We live in a social media tsunami – wait one week and another wave of latest-greatest comes calling.
Periscope snagged 10 million followers in just four and a half months[1], Pinterest is now for men[2], and Twitter wants your advertising dollars.
Despite all the bright lights of social media, nothing trumps the staying power of email. Definitely not sexy (or new for that matter) – email should be your most valued marketing channel and list building should be a top business goal.
Here are five reasons why you need to invest more resources in growing your mailing list and learning how to use email to grow your business.
1. Shelf life
According to the latest research by wisemetrics, the half life of a tweet is about 5 minutes[3] – for Facebook it’s five hours[4]. Social media posts are powerful for connecting with exiting followers, attracting new ones and promoting events. They’re also transitory.
It’s like saying “Hi” to someone in passing – nice to do, but it doesn’t last. Meanwhile your well-crafted email, sent to an interested audience, could be opened, read and acted on two to three weeks later.
Here’s the difference.
Email is a personal message sent to your InBox. Not unlike old-fashioned mail, I have a sense someone thought I would like to see their message. And don’t be disillusioned by bulk emails or spam – people will weed out unwanted messages and still read a message that appears (either because of the sender or subject line) to be relevant to them.
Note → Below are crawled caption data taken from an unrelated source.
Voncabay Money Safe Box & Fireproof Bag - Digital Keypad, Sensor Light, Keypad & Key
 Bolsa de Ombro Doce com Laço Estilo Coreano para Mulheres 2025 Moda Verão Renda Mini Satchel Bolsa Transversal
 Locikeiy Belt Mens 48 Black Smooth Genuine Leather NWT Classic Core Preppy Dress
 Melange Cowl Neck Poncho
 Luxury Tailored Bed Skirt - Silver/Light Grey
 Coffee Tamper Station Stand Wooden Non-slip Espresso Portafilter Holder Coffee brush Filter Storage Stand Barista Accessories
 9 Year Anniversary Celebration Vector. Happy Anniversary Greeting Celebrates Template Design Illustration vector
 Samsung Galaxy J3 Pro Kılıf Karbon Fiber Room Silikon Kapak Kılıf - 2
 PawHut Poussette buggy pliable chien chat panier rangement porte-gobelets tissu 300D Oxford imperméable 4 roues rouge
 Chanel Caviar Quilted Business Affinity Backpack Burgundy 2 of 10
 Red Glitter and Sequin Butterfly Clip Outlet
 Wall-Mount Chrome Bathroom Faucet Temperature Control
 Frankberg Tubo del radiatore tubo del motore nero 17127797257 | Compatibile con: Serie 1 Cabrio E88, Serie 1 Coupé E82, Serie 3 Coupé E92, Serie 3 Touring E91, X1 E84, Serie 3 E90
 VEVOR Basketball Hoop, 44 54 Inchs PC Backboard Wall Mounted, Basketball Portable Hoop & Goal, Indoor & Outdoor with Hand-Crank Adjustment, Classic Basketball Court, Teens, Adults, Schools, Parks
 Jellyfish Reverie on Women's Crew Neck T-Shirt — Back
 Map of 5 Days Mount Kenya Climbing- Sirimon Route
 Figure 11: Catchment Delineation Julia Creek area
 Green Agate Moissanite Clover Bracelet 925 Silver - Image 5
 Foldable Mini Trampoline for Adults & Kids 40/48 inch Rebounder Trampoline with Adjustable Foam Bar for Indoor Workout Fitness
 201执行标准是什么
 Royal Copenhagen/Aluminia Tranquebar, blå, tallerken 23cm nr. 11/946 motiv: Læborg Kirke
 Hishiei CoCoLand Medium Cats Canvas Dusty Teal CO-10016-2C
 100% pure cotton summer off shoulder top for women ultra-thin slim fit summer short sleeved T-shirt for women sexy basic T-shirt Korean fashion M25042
When you send a high-value, targeted email it’s not unusual for 30-50% to get opened and 20-30% of readers to click through to see your full offer. Imagine how hard it would be to get that many people in a room, on a webinar, or to respond to your tweet.
2. Build rapport
My guess is that in the last hour you had a conversation on email – it’s a normal part of our day. You ask questions, share updates, send documents, get clarification and build rapport. You also build loyalty.
I haven’t done the math, but every month a percent of my speaking business and product sales come from loyal followers I’ve had past email conversations with. We have built rapport.
Rapport is the glue that takes price out of the conversation and keeps a client from shopping around. You can build rapport with email.
Sure, some people will choose to unsubscribe and move on. That’s marketing.
I remember the day I first used email to share my latest blog post and then watched in horror as the “unsubscribe” number crept up. What I didn’t know was I was watching the wrong number.
Just like event planners that don’t ask you back, you aren’t always going to be a perfect fit for everyone. That’s okay – it’s a big world.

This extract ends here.